Simon Sylvester is a storyteller, writer, screenwriter, filmmaker and teacher.

A writer of everything from pub quizzes to prize-winning poems, his short stories appear in journals including Smoke, Gutter, Dark Mountain and New Writing Scotland. His debut novel, The Visitors, was published by Quercus in 2014, won the Guardian Not The Booker prize and the Book Box prize, was Book Of The Month for Waterstones Scotland and reached the annual round-ups for The List and The Independent. He has appeared at Edinburgh International Book Festival, Bloody Scotland and Kendal Calling; headlined spoken word events for Bad Language, Verbalise and Spotlight; he’s written and performed site-specific work everywhere from Chetham’s Library to a shed in the Lakes; his flash fiction has been read on BBC6 Music by Cerys Matthews.

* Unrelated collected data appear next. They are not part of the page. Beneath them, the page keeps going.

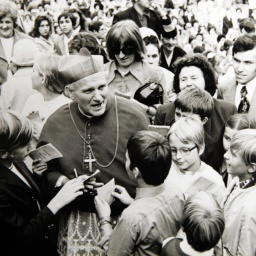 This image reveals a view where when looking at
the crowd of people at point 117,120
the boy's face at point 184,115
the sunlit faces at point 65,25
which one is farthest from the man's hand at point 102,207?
the sunlit faces at point 65,25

Simon works freelance as a documentary video editor and contributes across production as a screenwriter, script editor and producer. As a screenwriter Simon studied the John Yorke Advanced Story Structure course, placing or winning multiple script competitions before his short horror Maggie (directed by James Kennedy) won festival awards worldwide.

Simon is also a storyteller, having found a home in traditional stories. He believes fiercely in the wild and fleeting energy conjured between a story space and a community.

He lives in Cumbria with the painter Monica Metsers, their two children and a demented dog.